Restaurámo-nos. Em 867 anos de história, fez ontem 366 que nos restaurámos. Talvez algo coxos, quiçá algo confusos... Mas restaurámos. Nas minhas divagações, gosto de pensar que restaurámos, principalmente, o nosso sentido enquanto nação e que as nossas manqueiras e dúbias hesitações se prendem com outros sentires, que, por acaso, de ‘sentir’ têm muito pouco.
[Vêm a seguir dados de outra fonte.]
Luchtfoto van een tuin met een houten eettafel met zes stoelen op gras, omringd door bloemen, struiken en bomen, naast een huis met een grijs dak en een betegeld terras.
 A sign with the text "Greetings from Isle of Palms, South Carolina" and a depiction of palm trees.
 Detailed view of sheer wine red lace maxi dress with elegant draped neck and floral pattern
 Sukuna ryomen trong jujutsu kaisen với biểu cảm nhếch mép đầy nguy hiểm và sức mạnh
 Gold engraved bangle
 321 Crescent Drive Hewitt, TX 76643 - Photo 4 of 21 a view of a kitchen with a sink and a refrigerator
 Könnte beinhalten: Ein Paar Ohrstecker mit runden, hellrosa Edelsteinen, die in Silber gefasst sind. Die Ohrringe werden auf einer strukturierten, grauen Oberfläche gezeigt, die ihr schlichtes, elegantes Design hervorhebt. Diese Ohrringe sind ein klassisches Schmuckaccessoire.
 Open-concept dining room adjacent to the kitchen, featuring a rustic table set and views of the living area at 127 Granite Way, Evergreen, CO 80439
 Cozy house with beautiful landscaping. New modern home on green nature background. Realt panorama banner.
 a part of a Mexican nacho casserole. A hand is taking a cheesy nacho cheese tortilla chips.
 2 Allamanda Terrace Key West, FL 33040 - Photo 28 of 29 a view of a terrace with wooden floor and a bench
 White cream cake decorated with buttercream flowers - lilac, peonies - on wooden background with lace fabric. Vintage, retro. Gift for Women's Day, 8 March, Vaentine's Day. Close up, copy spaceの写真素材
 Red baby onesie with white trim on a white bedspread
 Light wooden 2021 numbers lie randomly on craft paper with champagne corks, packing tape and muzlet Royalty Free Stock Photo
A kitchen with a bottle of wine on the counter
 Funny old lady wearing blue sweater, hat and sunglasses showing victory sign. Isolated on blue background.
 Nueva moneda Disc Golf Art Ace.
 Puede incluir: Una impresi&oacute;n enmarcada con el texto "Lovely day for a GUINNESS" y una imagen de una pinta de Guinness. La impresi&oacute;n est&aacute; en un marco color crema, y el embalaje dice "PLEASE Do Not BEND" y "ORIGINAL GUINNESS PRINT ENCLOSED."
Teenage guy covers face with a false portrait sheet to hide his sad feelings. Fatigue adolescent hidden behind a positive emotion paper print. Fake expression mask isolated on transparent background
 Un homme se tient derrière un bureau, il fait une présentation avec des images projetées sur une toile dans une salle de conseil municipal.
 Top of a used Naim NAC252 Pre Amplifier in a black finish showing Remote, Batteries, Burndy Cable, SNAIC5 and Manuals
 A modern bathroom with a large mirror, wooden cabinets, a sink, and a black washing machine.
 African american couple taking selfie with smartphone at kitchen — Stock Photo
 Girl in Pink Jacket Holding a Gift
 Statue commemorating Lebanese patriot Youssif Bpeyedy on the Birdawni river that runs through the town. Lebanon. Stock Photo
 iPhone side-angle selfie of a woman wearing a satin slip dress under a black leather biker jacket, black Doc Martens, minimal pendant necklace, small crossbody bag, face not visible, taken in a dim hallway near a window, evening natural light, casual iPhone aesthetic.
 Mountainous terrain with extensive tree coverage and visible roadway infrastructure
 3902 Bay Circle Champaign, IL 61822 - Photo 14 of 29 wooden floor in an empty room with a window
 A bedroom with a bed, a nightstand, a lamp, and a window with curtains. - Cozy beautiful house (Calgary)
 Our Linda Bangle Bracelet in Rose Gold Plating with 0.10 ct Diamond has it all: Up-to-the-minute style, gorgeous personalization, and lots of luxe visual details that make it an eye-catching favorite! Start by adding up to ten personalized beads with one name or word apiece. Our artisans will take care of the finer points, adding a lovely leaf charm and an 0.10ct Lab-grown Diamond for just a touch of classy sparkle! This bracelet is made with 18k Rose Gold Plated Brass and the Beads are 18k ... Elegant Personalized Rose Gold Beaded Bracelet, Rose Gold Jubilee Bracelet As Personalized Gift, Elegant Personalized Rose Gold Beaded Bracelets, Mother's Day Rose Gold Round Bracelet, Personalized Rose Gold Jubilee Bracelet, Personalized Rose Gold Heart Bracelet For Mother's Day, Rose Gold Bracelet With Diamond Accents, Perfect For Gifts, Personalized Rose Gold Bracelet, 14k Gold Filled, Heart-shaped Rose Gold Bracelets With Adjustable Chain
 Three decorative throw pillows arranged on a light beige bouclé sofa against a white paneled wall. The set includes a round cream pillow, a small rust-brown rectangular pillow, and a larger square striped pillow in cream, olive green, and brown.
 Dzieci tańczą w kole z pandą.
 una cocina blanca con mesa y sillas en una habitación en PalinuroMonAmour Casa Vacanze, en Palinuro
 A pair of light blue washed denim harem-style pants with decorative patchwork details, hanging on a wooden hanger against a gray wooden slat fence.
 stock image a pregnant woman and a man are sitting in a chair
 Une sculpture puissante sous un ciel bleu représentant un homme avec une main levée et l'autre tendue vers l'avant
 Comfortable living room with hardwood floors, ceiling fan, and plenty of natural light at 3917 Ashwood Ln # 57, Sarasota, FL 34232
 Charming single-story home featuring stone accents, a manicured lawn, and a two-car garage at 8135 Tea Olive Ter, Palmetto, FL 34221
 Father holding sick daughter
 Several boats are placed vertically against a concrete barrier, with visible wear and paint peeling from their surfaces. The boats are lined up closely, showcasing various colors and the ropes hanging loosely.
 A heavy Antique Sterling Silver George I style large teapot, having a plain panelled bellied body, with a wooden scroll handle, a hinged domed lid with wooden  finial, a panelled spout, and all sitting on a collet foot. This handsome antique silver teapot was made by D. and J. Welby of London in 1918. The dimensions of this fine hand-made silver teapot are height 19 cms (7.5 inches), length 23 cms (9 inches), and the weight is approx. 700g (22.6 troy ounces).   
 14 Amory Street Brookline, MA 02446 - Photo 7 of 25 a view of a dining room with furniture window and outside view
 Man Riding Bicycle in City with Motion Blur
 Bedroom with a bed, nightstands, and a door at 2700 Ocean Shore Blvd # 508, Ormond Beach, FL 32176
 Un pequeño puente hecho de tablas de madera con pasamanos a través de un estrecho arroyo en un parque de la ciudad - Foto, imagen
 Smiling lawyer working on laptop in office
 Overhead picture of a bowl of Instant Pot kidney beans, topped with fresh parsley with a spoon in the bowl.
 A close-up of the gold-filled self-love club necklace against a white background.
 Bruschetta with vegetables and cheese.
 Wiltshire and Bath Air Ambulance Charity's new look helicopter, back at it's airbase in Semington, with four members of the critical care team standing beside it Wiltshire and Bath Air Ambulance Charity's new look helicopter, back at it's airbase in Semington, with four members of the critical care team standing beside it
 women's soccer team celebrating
Mas não deixamos de ter alguma bizarria... Empolgamo-nos com uma série de acontecimentos e/ou debates, ou meramente com coisinhas que de algum modo nos atiçam esse sentimento de nação, de pátria ou mátria, e passamos, quase sem nos determos, pelas escassas oportunidades em que o calendário oficial o evoca. Celebramos um 10 de Junho como Dia de Portugal, de Camões e das Comunidades, talvez baralhados pelas ambiguidades das datas e das histórias da História e a data da Restauração fica, assim, como um retrato a óleos que o tempo desmaiou de alguém de quem nos disseram ter sido parente e que nos habituámos a ver apenas quando há que espanejar-lhe o pó naquele recanto da parede. No entanto, não deixo de pensar para com os meus botões, nestas conversas que tenho com a minha lusitaneidade, que por muito que falte para que te cumpras, é bom ser-te, Portugal! Até loch.